Vicco versteht meine Reaktion nicht, siehst du das? Er ist so ein böser Mensch, dass er noch nicht einmal nachvollziehen kann, warum ich mir den Bauch halte und mich erst beruhige, als Viktor einen Arm um meine Schulter legt.
»Was machst du hier, Vicco? Müsstest du nicht eingesperrt sein?«
Eingesperrt? Was? Und kennen sie sich? Woher?
»Ja, Vater. Muss Rose nicht tot sein?«
Tot und … Stopp! VATER?! Ich weiche zurück, schaue zwischen ihnen hin und her und erkenne es. JETZT ERST!
»VATER?«, brülle ich schockiert, kann nicht glauben, was ich da höre. Du hast es gewusst, richtig? Du hast es die ganze Zeit geahnt und diese Ähnlichkeit bemerkt. So wie ich sie auch bemerkt, sie jedoch für Zufall gehalten habe. Ich stehe jetzt hier und weiß nicht, was ich davon halten soll.
»Du wusstest es nicht?« Vicco sieht mich so stirnrunzelnd an, dass ich ein schlechtes Gewissen bekomme. Mir wird schlecht. Ich habe mit dem Vater von meinem Freund geschlafen. Meinem Ex-Freund. Aber das erste Mal war er doch noch mein Freund, oder nicht?
»Scheiße«, flüstere ich, weil ich so durcheinander bin, und Vicco reißt die Augen auf. Er versteht es auch.
»Du hast mit meinem Vater gefickt?«, brüllt er fassungslos und steht auf. Siehst du seine Muskeln, wie sie sich zu einem großen Steinklumpen zusammentun? Und wie er zittert? Siehst du diesen dunklen, wilden Blick?
»Sag mir, dass du nicht mit meinem Vater geschlafen hast.« Dieses Knurren.

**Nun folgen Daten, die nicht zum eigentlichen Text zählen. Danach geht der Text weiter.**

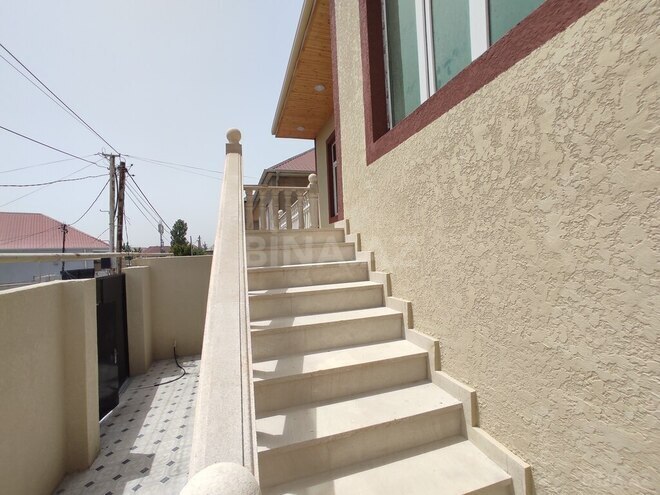 7 otaqlı həyət evi/bağ evi - Biləcəri q. - 150 m² (5)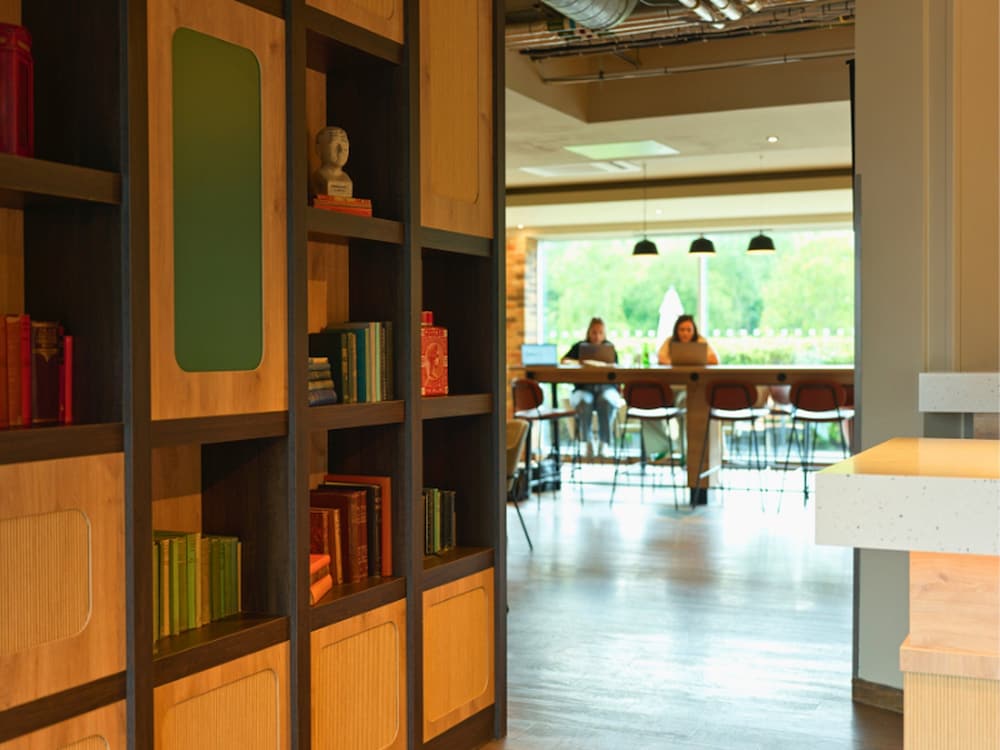 B&B HOTEL Warrington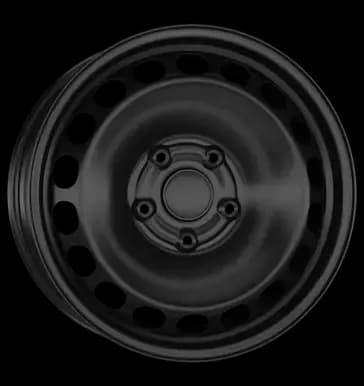 VO516035 6 5Jx16 5x112 ET46 MB57 Schwarz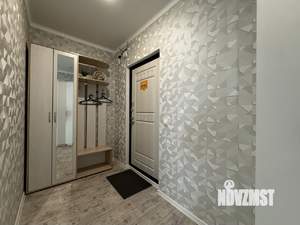 1-к квартира, посуточно, 40м2, 8/16 этаж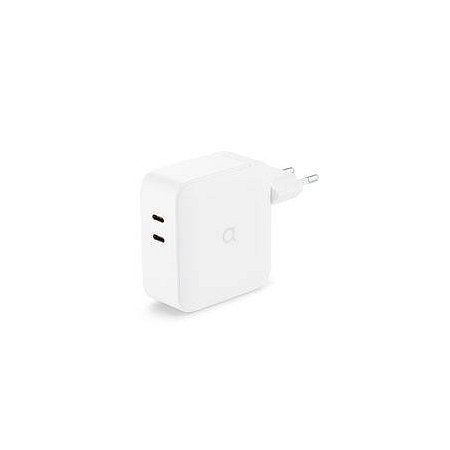 Aiino Mac Mav Ultra 100W GaN wall charger with 2 USB-C ports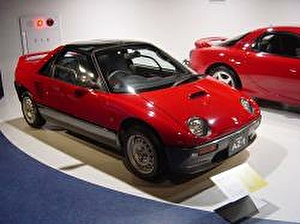 Размер колёс на Mazda AZ-1 1992 Подбор шин на Mazda AZ-1 1992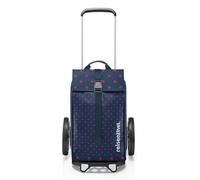 reisenthel citycruiser Tasche Trolley Einkaufstrolley mixed dots red MJ3075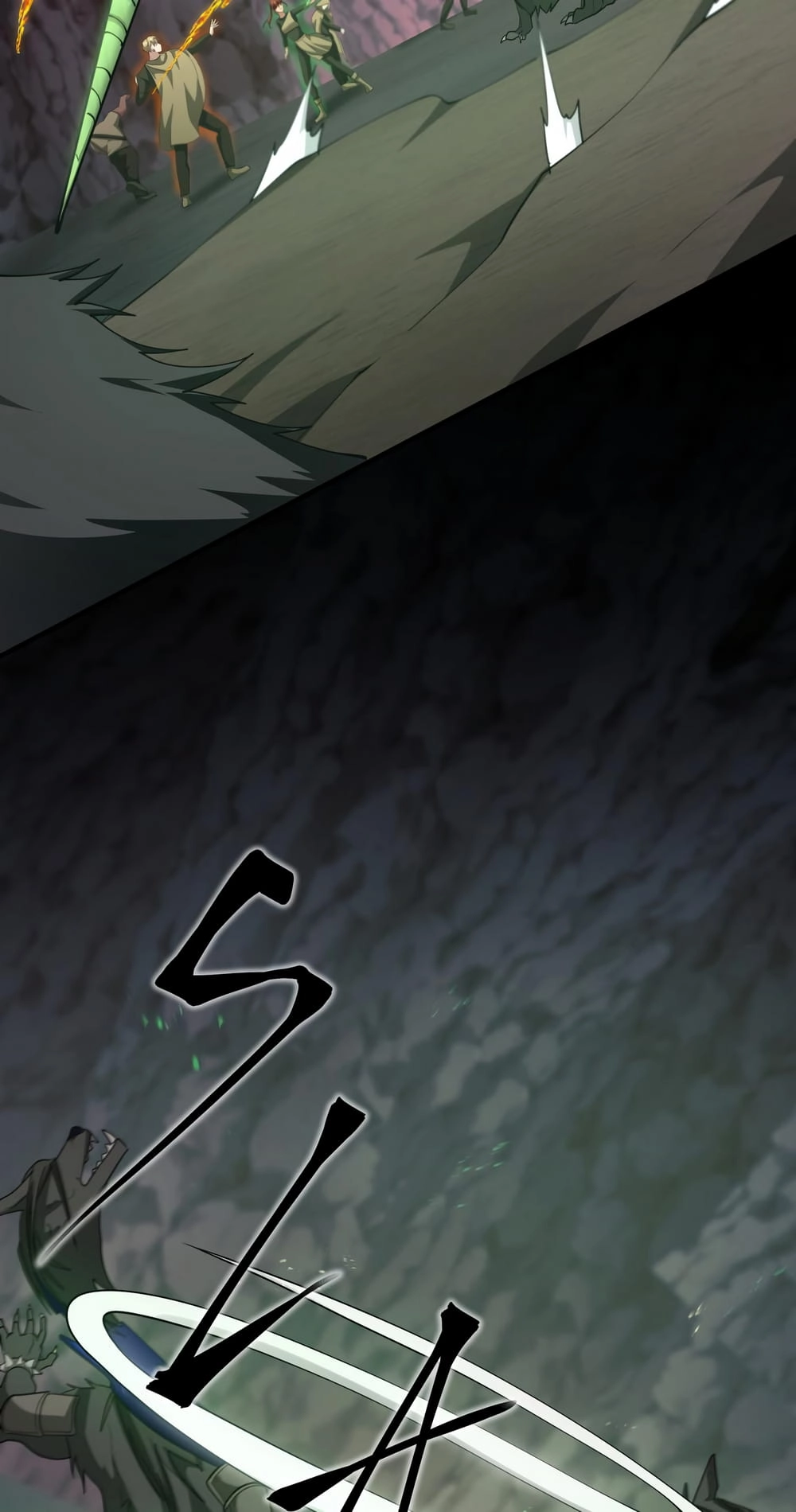 The Beginning After the End Chapter 170, page 56 of 94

»Vicco, nicht nur das. Sie liebt mich.« Da muss Viktor jetzt auch noch meine Hand nehmen, sie hochhalten, sodass Vicco den Ring am Finger sieht, um damit so richtig Salz in die Wunde zu streuen. Mit offenem Mund schüttelt er den Kopf und geht. Schweigend dreht er sich um und geht.
Und das sicher für immer.
Er geht und nimmt meine ganze Hoffnung mit sich. Denn erst jetzt erkenne ich, dass es da noch eine gab. Eine, die mit ihm zu tun hatte. Eine, die ich in Viktor sah. Ja. Ich habe Viktor an Viccos Stelle gesetzt – mit dem Wissen, dass er nie wirklich seinen Platz einnehmen könnte. Obwohl Vicco mir alles genommen hat, was ich an mir mag.